A review of "Comfort Women" and an invitation to you!

Last night my daughter Abigail presented my friends with a simply brilliant performance as the lead in the Musical Comfort Women.

If you were not able to join us, this email is my invitation to be my guest to any performance this August - Wednesdays, Saturdays and Sundays at 2 pm and 7 pm and Thursdays and Fridays at 7 30 pm at the Peter Jay Sharp Theater at 416 East 42nd Street.
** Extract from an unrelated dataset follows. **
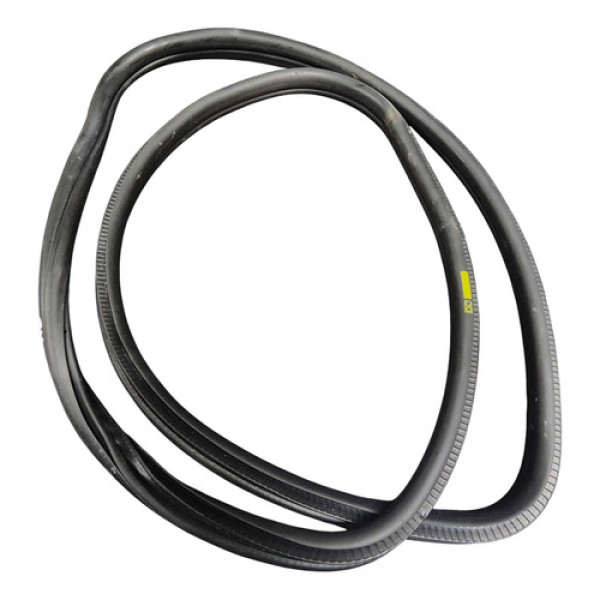 Borracha Porta Traseira Esquerda Bmw 320i 2.0 2013 2014 2015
Thought you might like to read the review of the distinguished Theater Critic, William Wolf. 



By William Wolf
COMFORT WOMEN--A NEW MUSICAL  Send This Review to a Friend
By now the story of Korean young women made sex slaves for Japanese soldiers during World War II is well known, and battles have been raging to obtain official apologies from Japanese authorities. At first glance the subject hardly seems likely for becoming a musical, but the Dimo Kim Musical Theatre Factory, with an all Asian cast, is showing how it can be done in its revival of “Comfort Women.”
The work has a book by Dimo Hyun Jun Kim, Osker David Aguirre and Joanne Mieses, music by Bryan Michaels and Taeho Park, with Michaels providing the lyrics. Kim has directed with Natanal Hyun Kim as choreographer. Although some of the text is drawn out, the overall production is dramatically moving, as the important concept is fleshed out by an excellent cast.
The story begins in Seoul, Korea in 1942, shifting in succession to Jakarta, Indonesia, Busan, Korea, back to Indonesia, then skipping to Indonesia and Korea in 1945. The plot follows the trail of women lured with promises of work opportunities or forcibly taken to become sex slaves who had to service 50 to 100 Japanese soldiers daily at the peril of death if they refused or try to escape.
Central is the story of Goeun Kim, a teenager superbly played in acting and song by Abigail Choi Arader, who succumbs to the ruse in hope of earning money to support her family as well as to find her captured brother. Arader has an excellent voice, demonstrated when she sings “When You Lose a Son,” “Silence,” and “Twilight” among the show’s more impressive numbers.
The intricate plot also involves a Korean, Minsik (Matheus Ting), who has been pressed into the Japanese army and sympathetically risks his life to aid the Korean women. We get a picture of the brutality of the Japanese abusers and the pathos of the plight of the women in captivity.
There is an especially creative sequence in which the rapes are depicted not by obvious violence, but in symbolically choreographed dance that makes the point esthetically.
“Comfort Women” is also valuable because it gives roles to talented Asian actors generally overlooked in the overall make-up of Broadway and off-Broadway shows. The result in artistic terms is an achievement of authenticity. Among others important in the large cast are Mathew Bautista, Lena Rae Concepcion, Shuyan Yang, Sara States, Roni Shelley Perez , Emily Su and Kenny Mai.
One comes away appreciative of all the work that has gone into “Comfort Women, ” and even if it hardly rises to the level of a great musical, it boasts a reasonably good score and is indeed often moving, enlightening and dramatic in remembering the sad fate of so many Korean women who fell prey to the Imperial Japanese Arny during World War II. At the Peter Jay Sharp Theatre, 416 West 42nd Street. Reviewed July 28, 2018.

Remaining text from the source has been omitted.